▸ Data supplied:
————————

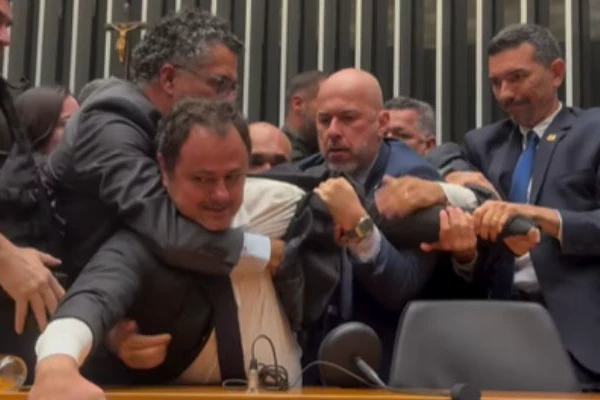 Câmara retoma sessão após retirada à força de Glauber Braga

————————

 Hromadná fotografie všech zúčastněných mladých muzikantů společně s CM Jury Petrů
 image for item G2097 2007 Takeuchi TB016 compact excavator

————————

▸ Work instruction:
Of the entries above, repeat exactly the lines from the line with "Hromadná fotografie všech" through the line with "image for item", both of them included.

▸ Response for this exercise:
 Hromadná fotografie všech zúčastněných mladých muzikantů společně s CM Jury Petrů
 image for item G2097 2007 Takeuchi TB016 compact excavator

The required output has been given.